動きが止まった緑間を心配する高尾は、緑間の目線を合わせるように柚姫を見ると、高尾も言葉を失う。

その理由は、柚姫の顔だ。柚姫は、今でも泣きそうで苦しげな表情を浮かべている。だから、2人は黙ってしまったのだ。

「さっきの女の子の言葉に、何も言えなかったな。ちょっと、私にとってはきつい言葉だった。」

柚姫は、そんな事を言いながら湖に近付き、腰を落とし右手を湖に浸ける。とても綺麗で冷たい。柚姫は、いくら泣きそうな顔でも泣こうとはしない。

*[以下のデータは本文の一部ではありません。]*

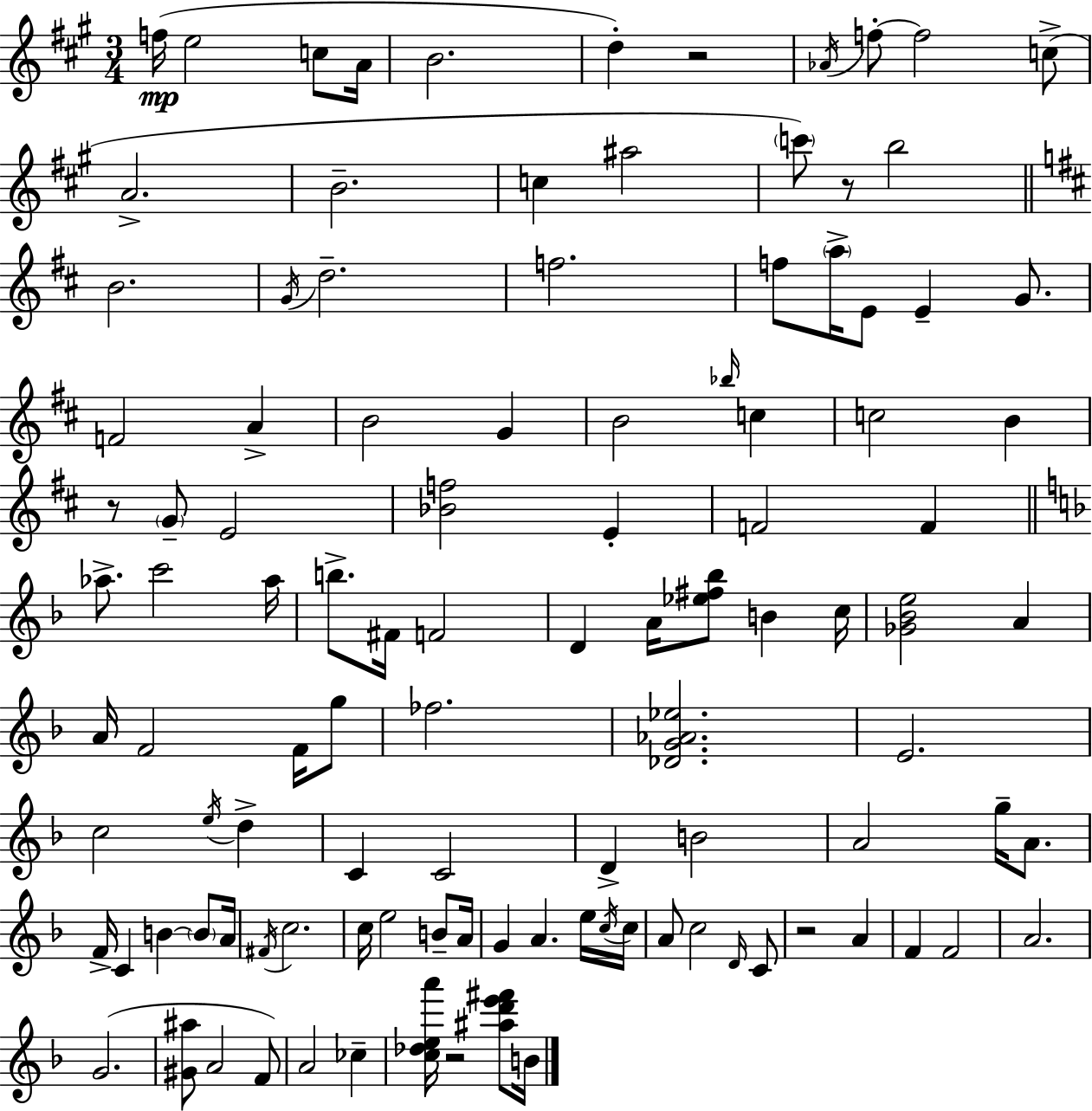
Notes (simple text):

F5/s E5/h C5/e A4/s B4/h. D5/q R/h Ab4/s F5/e F5/h C5/e A4/h. B4/h. C5/q A#5/h C6/e R/e B5/h B4/h. G4/s D5/h. F5/h. F5/e A5/s E4/e E4/q G4/e. F4/h A4/q B4/h G4/q B4/h Bb5/s C5/q C5/h B4/q R/e G4/e E4/h [Bb4,F5]/h E4/q F4/h F4/q Ab5/e. C6/h Ab5/s B5/e. F#4/s F4/h D4/q A4/s [Eb5,F#5,Bb5]/e B4/q C5/s [Gb4,Bb4,E5]/h A4/q A4/s F4/h F4/s G5/e FES5/h. [Db4,G4,Ab4,Eb5]/h. E4/h. C5/h E5/s D5/q C4/q C4/h D4/q B4/h A4/h G5/s A4/e. F4/s C4/q B4/q B4/e A4/s F#4/s C5/h. C5/s E5/h B4/e A4/s G4/q A4/q. E5/s C5/s C5/s A4/e C5/h D4/s C4/e R/h A4/q F4/q F4/h A4/h. G4/h. [G#4,A#5]/e A4/h F4/e A4/h CES5/q [C5,Db5,E5,A6]/s R/h [A#5,D6,E6,F#6]/e B4/s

涙を流さない。柚姫…本人は泣こうとは思っていない。泣いても仕方ないと思っている。柚姫は、チラッと2人を見る。

「2人揃って黙っちゃってどうしたの?私なら大丈夫だよ。」

柚姫は、苦笑しながら2人に言うと、緑間は眼鏡をクイッと持ち上げる。

「大丈夫という問題じゃないのだよ。辛かったら、泣けばいいのだよ。」

緑間から泣けばいい、という言葉を聞いた柚姫は驚いていた。だがやがて、柚姫は泣くどころか、クスと笑うのだ。

「ありがとう、今の気持ちだけで充分だよ。」

柚姫の表情が一気に変わる。先程の笑い方とは違い、誰もが可愛いという程の笑顔を見せる。緑間と高尾は、その笑顔を見た瞬間、固まる。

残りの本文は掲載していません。